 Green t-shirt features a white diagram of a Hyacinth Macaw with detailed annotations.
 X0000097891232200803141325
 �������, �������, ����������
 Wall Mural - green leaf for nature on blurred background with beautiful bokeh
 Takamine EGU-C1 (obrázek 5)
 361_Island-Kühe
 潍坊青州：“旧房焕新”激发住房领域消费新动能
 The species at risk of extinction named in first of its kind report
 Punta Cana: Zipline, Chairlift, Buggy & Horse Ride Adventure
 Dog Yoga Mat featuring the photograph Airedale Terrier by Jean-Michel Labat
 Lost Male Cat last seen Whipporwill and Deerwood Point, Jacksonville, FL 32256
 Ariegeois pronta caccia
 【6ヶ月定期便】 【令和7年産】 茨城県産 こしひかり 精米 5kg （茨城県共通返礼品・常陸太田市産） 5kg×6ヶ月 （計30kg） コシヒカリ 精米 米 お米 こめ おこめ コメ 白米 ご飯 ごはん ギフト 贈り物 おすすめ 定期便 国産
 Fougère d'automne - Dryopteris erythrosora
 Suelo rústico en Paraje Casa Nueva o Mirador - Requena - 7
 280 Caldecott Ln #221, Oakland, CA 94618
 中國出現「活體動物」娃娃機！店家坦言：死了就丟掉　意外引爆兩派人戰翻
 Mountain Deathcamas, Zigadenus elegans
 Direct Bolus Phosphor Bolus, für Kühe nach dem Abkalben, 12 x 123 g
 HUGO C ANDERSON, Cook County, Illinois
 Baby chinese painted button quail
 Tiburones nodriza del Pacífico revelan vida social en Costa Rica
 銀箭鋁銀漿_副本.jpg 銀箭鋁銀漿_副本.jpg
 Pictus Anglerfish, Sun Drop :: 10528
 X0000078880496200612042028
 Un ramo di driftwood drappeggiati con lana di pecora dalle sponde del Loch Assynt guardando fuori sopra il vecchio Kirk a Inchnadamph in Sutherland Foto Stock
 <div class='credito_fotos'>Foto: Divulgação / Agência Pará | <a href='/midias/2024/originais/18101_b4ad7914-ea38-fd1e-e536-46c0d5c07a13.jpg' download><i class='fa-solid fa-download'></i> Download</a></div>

########

Description of the task
Taking care to match every character, output all of the entries above.

Answer box
 Green t-shirt features a white diagram of a Hyacinth Macaw with detailed annotations.
 X0000097891232200803141325
 �������, �������, ����������
 Wall Mural - green leaf for nature on blurred background with beautiful bokeh
 Takamine EGU-C1 (obrázek 5)
 361_Island-Kühe
 潍坊青州：“旧房焕新”激发住房领域消费新动能
 The species at risk of extinction named in first of its kind report
 Punta Cana: Zipline, Chairlift, Buggy & Horse Ride Adventure
 Dog Yoga Mat featuring the photograph Airedale Terrier by Jean-Michel Labat
 Lost Male Cat last seen Whipporwill and Deerwood Point, Jacksonville, FL 32256
 Ariegeois pronta caccia
 【6ヶ月定期便】 【令和7年産】 茨城県産 こしひかり 精米 5kg （茨城県共通返礼品・常陸太田市産） 5kg×6ヶ月 （計30kg） コシヒカリ 精米 米 お米 こめ おこめ コメ 白米 ご飯 ごはん ギフト 贈り物 おすすめ 定期便 国産
 Fougère d'automne - Dryopteris erythrosora
 Suelo rústico en Paraje Casa Nueva o Mirador - Requena - 7
 280 Caldecott Ln #221, Oakland, CA 94618
 中國出現「活體動物」娃娃機！店家坦言：死了就丟掉　意外引爆兩派人戰翻
 Mountain Deathcamas, Zigadenus elegans
 Direct Bolus Phosphor Bolus, für Kühe nach dem Abkalben, 12 x 123 g
 HUGO C ANDERSON, Cook County, Illinois
 Baby chinese painted button quail
 Tiburones nodriza del Pacífico revelan vida social en Costa Rica
 銀箭鋁銀漿_副本.jpg 銀箭鋁銀漿_副本.jpg
 Pictus Anglerfish, Sun Drop :: 10528
 X0000078880496200612042028
 Un ramo di driftwood drappeggiati con lana di pecora dalle sponde del Loch Assynt guardando fuori sopra il vecchio Kirk a Inchnadamph in Sutherland Foto Stock
 <div class='credito_fotos'>Foto: Divulgação / Agência Pará | <a href='/midias/2024/originais/18101_b4ad7914-ea38-fd1e-e536-46c0d5c07a13.jpg' download><i class='fa-solid fa-download'></i> Download</a></div>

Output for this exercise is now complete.